What is being asked = Would you return exactly the lines below from the line with "Ignition Coil 6H5-85570-00-00" through the line with "AUTHENTIC QUALITY-MEGIR CHRONOGRAPH", both included, and nothing else, leaving out the pictures?

Data to examine =
|---|
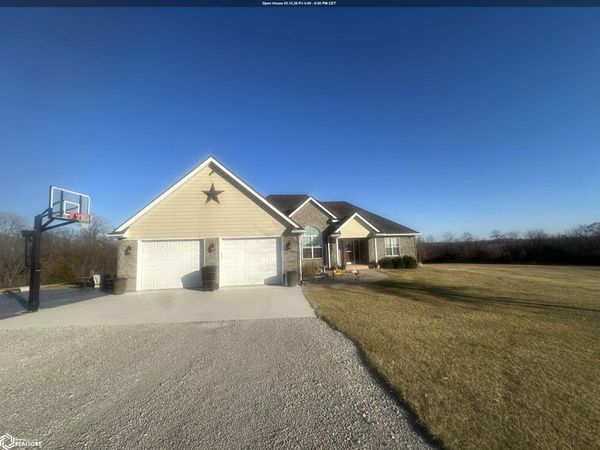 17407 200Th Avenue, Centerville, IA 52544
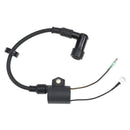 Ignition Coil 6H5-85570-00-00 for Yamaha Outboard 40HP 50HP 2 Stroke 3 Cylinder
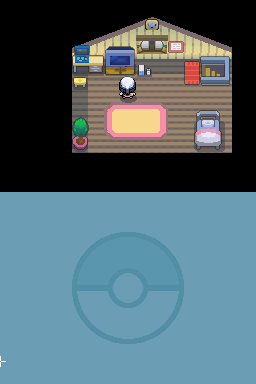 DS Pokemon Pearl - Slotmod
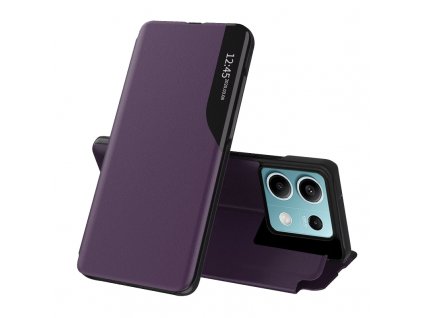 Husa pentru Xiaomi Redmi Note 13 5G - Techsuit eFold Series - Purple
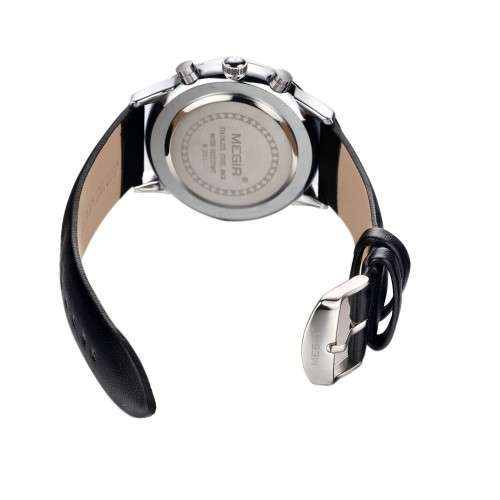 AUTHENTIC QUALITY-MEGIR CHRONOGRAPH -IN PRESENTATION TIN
|---|
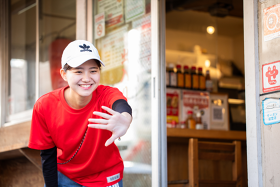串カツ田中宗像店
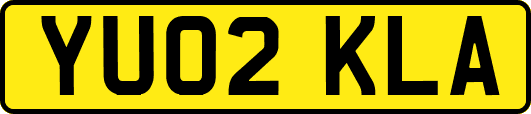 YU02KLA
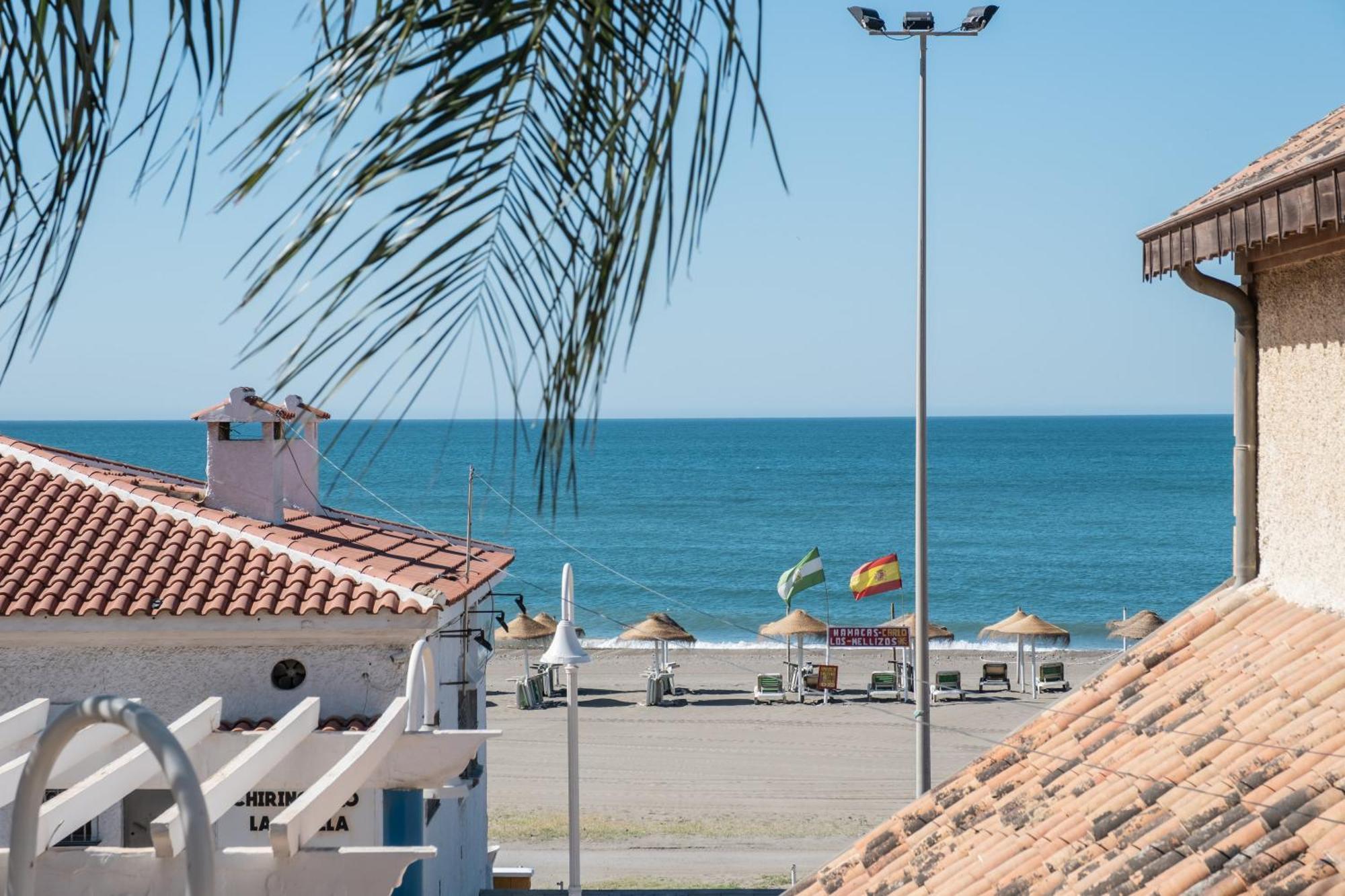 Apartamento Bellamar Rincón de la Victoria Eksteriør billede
|---|
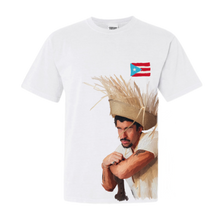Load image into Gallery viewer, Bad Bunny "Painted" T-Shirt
|---|
Task result =
 Ignition Coil 6H5-85570-00-00 for Yamaha Outboard 40HP 50HP 2 Stroke 3 Cylinder
 DS Pokemon Pearl - Slotmod
 Husa pentru Xiaomi Redmi Note 13 5G - Techsuit eFold Series - Purple
 AUTHENTIC QUALITY-MEGIR CHRONOGRAPH -IN PRESENTATION TIN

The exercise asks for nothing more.